One method to get the epoch millis back is to use the Java Time API

Instant instant = Instant.parse(fields.get("doc_date").value());
long millis = instant.toEpochMilli();

See also https://gist.github.com/jprante/cd511083d7ee38beb621adeef3053d3b for a full Groovy example (which is very close to Java).


(Teemu Kanstrén) #7

Yeah, sorry, I see I did not properly open up my index code above. Shouldn't post when too tired.. :slight_smile:

I believe I do index long and it used to work.. But I can certainly use the workaround you suggested. Thanks.

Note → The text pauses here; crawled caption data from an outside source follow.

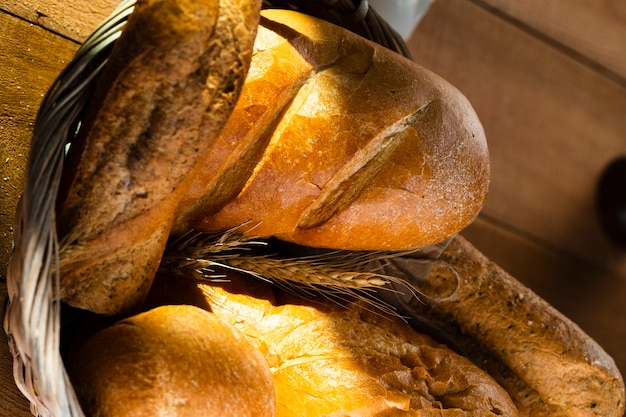 Vista del primo piano di pane in un cestino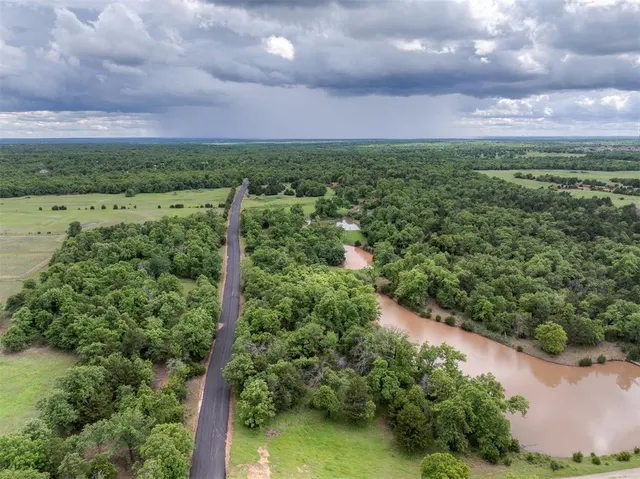 Photo 5 — 10200 Waterglen Road, Guthrie, OK 73044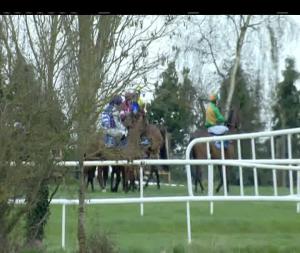 Video preview image for Clonmel 17:15 - Clonmel Flat Race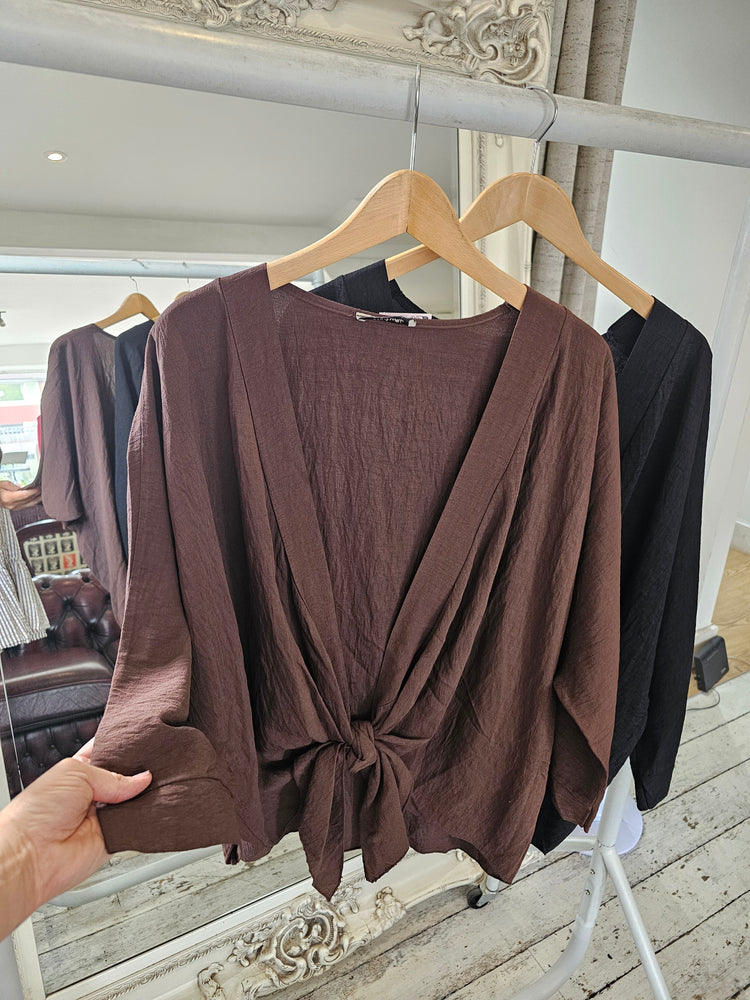TABBBY FRONT KNOT KIMONO IN CHOCOLATE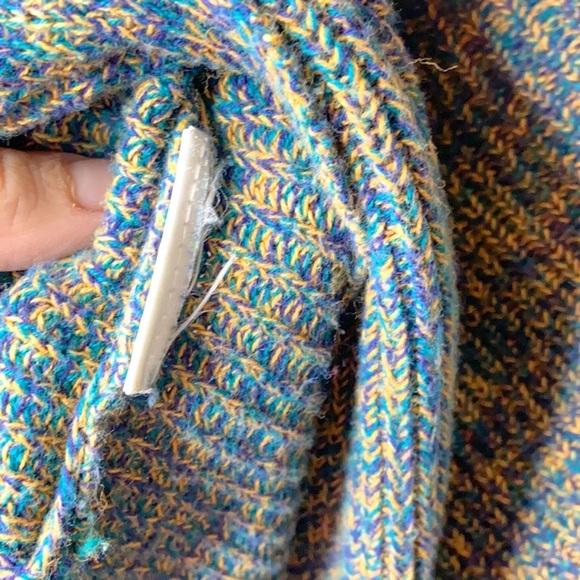 BCBGENERATION | Hi-Lo Green Blue Oversized Sweater - Picture 8 of 9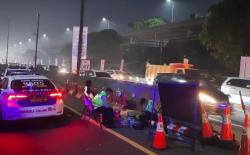 Momen Polisi Istirahat di Pinggir Tol Cikampek saat Amankan Mudik: Kami Memang Belum Sempurna<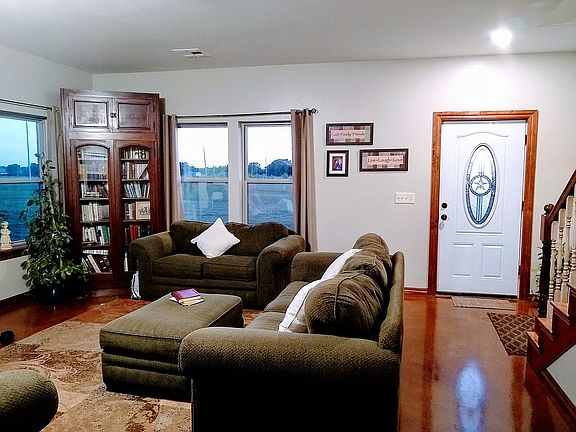 3rd image of 1111 S Logan Rd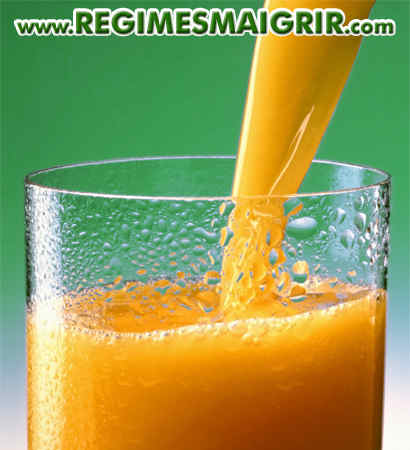 Du jus d'orange est vers dans un verre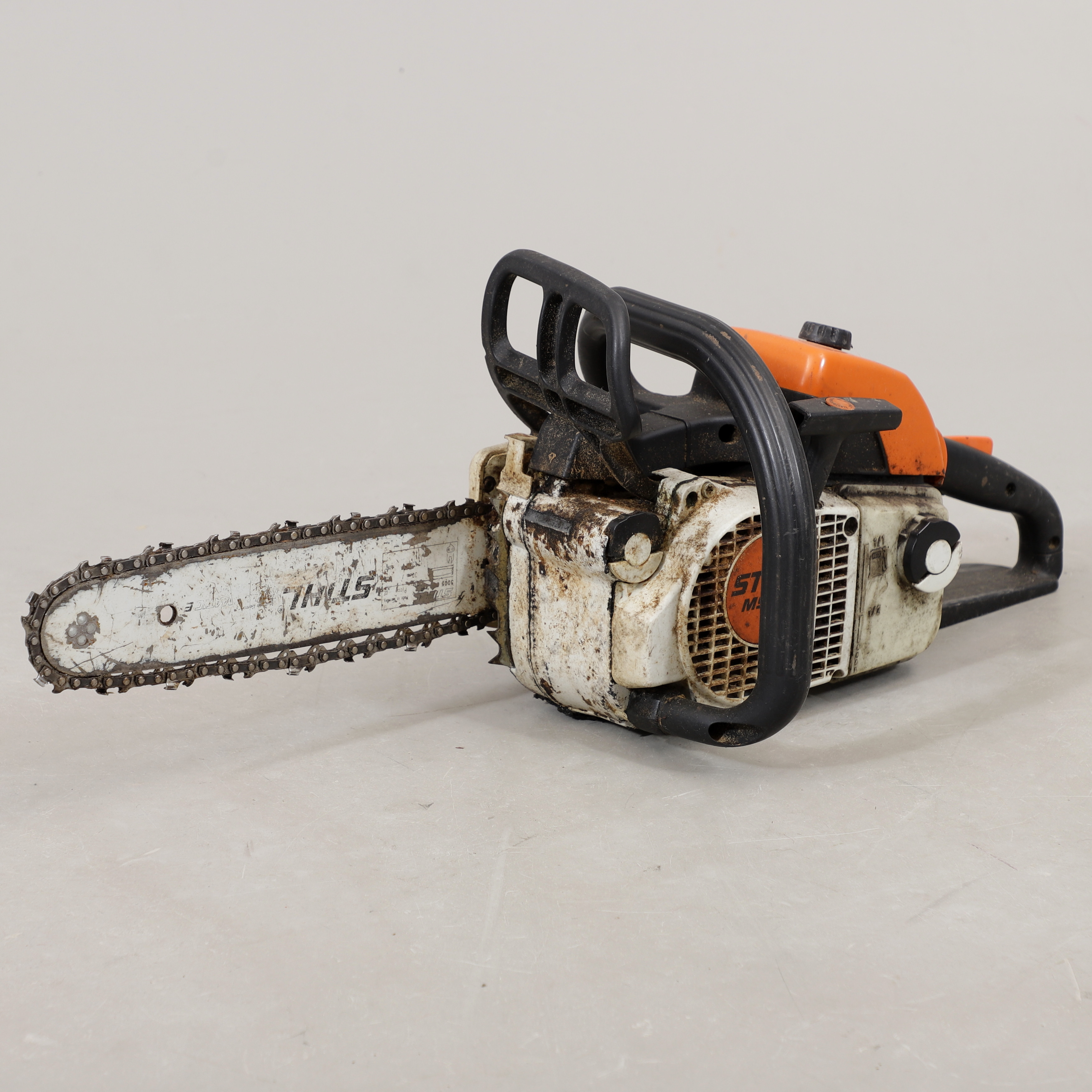 MOTORSÅG, Stihl MS200.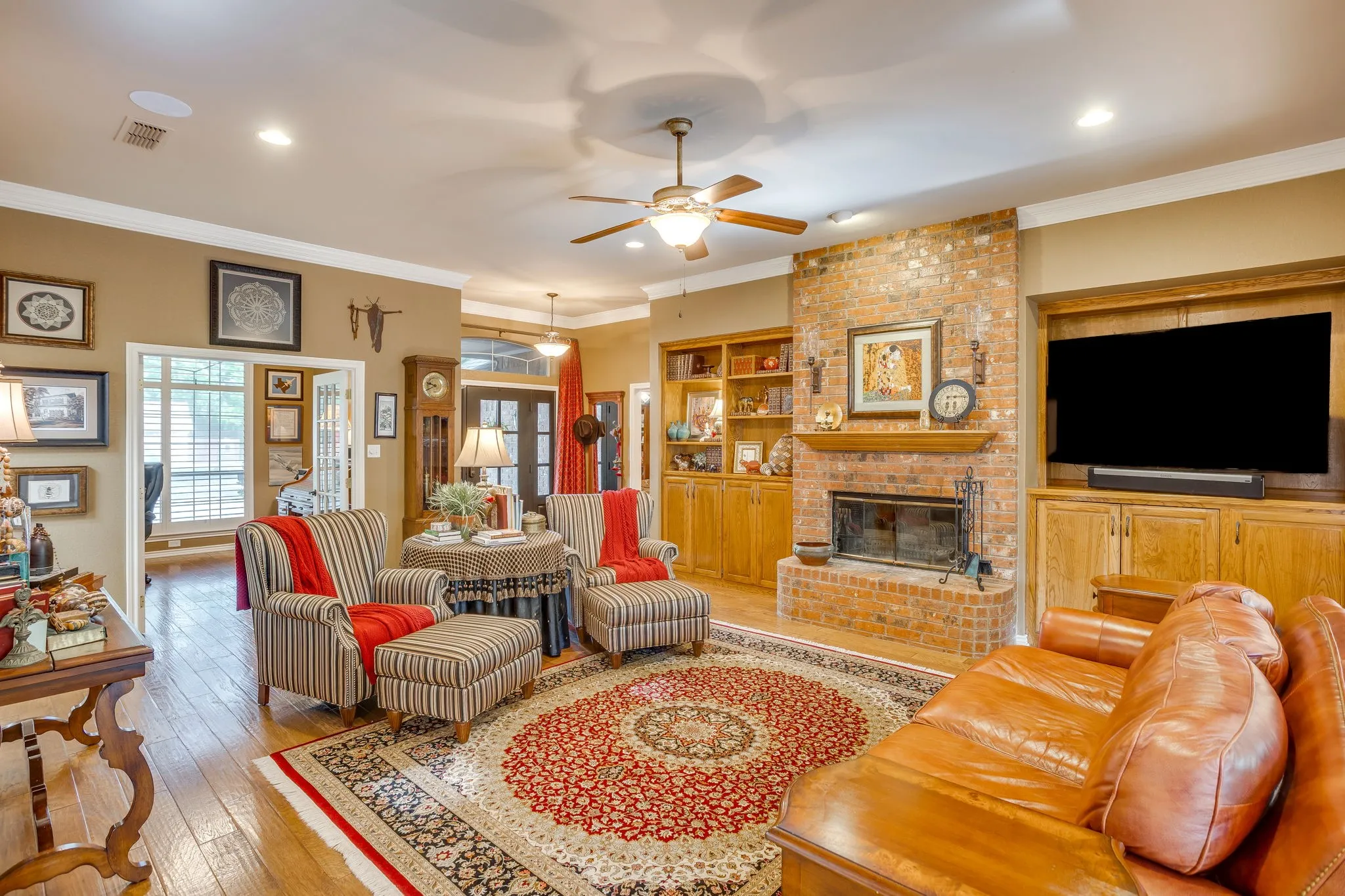 Single Family Residence For Sale in Hood County , 6203 Prospect Hill Drive, Granbury, Texas 76049, 3 Bedroom, 3 Bathroom, 3 Garage spaces, 2,330 Sqft, built in 1992, Preowned, mls#21252872, Real Estate Agent in Granbury, Homes For Sale in Hood county, Homes For Sale in Granbury, Realtor in Granbury Texas, Real Estate Brokerage Independent Realty Texas, Luminita Cordes Realtor
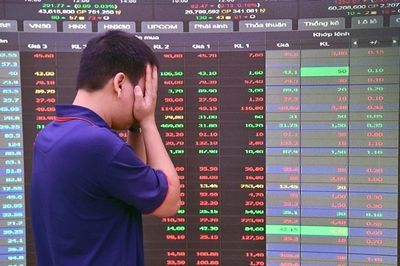 Cổ phiếu bị bán tháo ồ ạt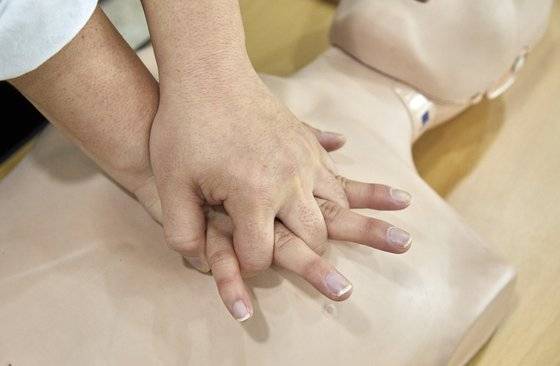 심폐소생술을 할 때는 깍지를 긴 두 손의 손바닥을 가슴 정중앙에 대고 5cm 깊이로 눌러줘야 한다.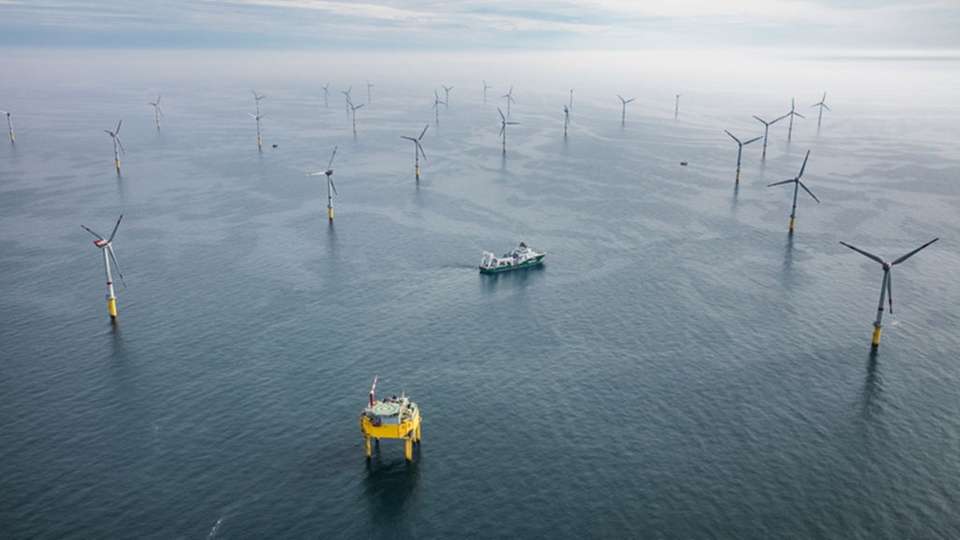 Die Umspannstation ist der Logistik-Stützpunkt inmitten des Windparks Global Tech I. Er liegt in der Nordsee, 140 Kilometer vor der Küste von Emden.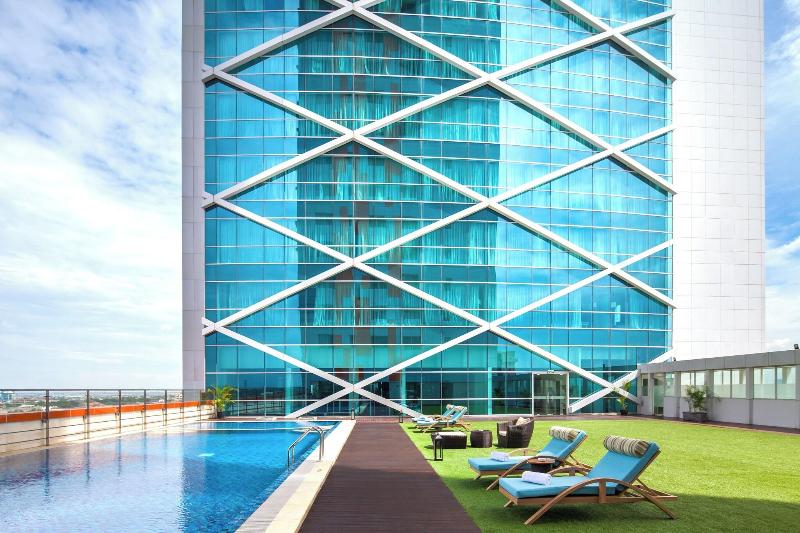Fairfield by Marriott Surabaya - Havuz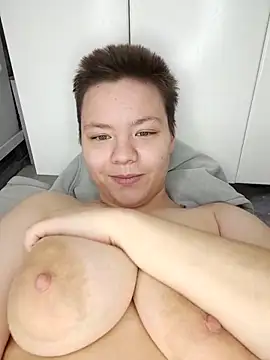 Snapshot of GoldMelissa chatting on 11.07.25 GoldMelissa online show from 11.07.25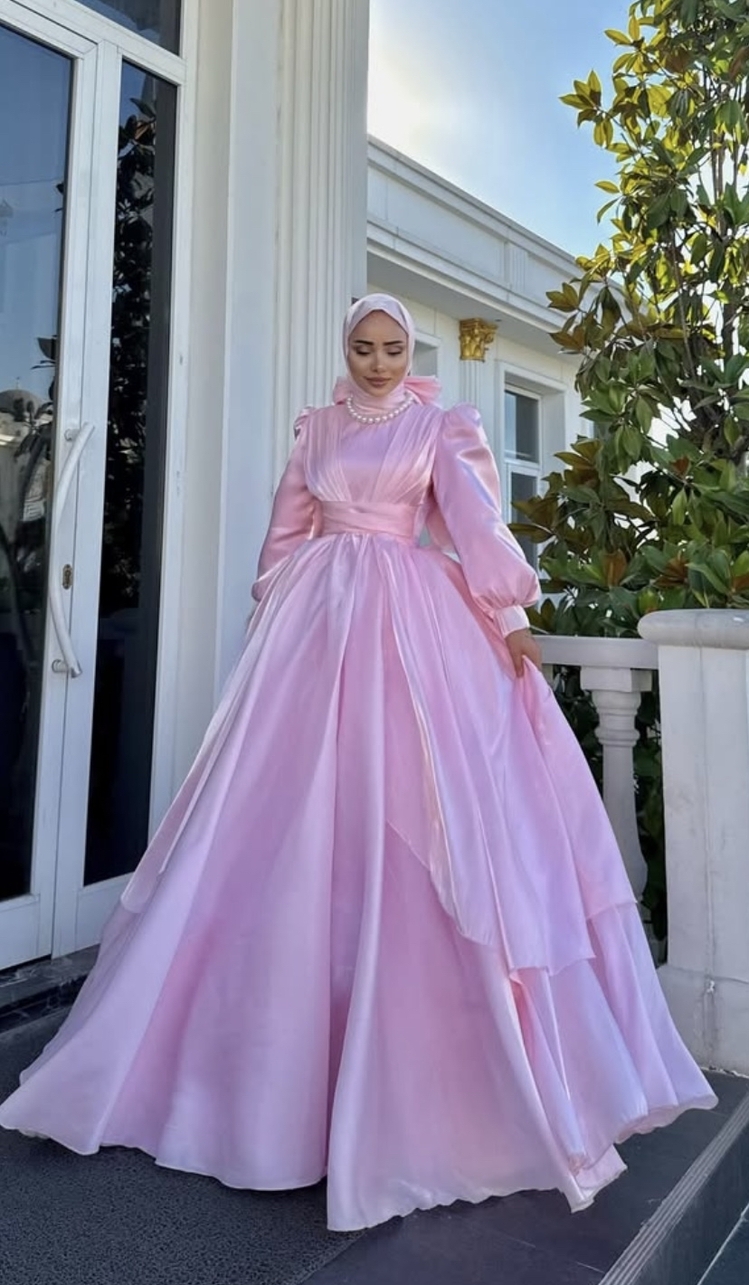 Pembe abiye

It just seems a bit of a waste if ES stores the date as long, then every time I query ES converts it to a string, gives me the string, I parse it to long..

Here is some better example code to illustrate my question:

public class DateTest {
  public static void main(String[] args) throws Exception {
    Settings settings = Settings.builder().put("cluster.name", "elasticsearch").build();
    Client client = new PreBuiltTransportClient(settings)
        .addTransportAddress(new InetSocketTransportAddress(InetAddress.getByName("localhost"), 9300));

    //create index and mapping if needed
    IndicesExistsResponse res = client.admin().indices().prepareExists("doc_test_index").execute().actionGet();
    if (!res.isExists()) {
      CreateIndexRequestBuilder reqBuilder = client.admin().indices().prepareCreate("doc_test_index");
      String testSchema = "{\n" +
          "  \"properties\": {\n" +
          "    \"stuff\": {\n" +
          "      \"type\": \"text\",\n" +
          "      \"index\": \"analyzed\"\n" +
          "    },\n" +
          "    \"doc_date\": {\n" +
          "      \"type\": \"date\",\n" +
          "      \"format\": \"strict_date_optional_time||epoch_millis\",\n" +
          "      \"store\": true\n" +
          "    }\n" +
          "  }\n" +
          "}";
      reqBuilder.addMapping("test_mapping", testSchema);
      reqBuilder.execute().actionGet();

      //insert example data
      Map<String, Object> map = new HashMap<>();
      map.put("stuff", "just something");
      map.put("doc_date", System.currentTimeMillis());
      IndexResponse response = client.prepareIndex("doc_test_index", "test_mapping", "1")
          .setSource(map)
          .get();
    }

    SearchResponse scrollResp = client.prepareSearch()
        .setIndices("doc_test_index")
        .setTypes("test_mapping")
        .addStoredField("doc_date")
        .setQuery(QueryBuilders.matchAllQuery())
        .setSize(10).execute().actionGet();
    for (SearchHit hit : scrollResp.getHits().getHits()) {
      Map<String, SearchHitField> fields = hit.getFields();
      Object docDate = fields.get("doc_date").value();
      System.out.println(docDate);
    }
  }
}

Sorry for the lenghty spam but that hopefully better illustrates my question.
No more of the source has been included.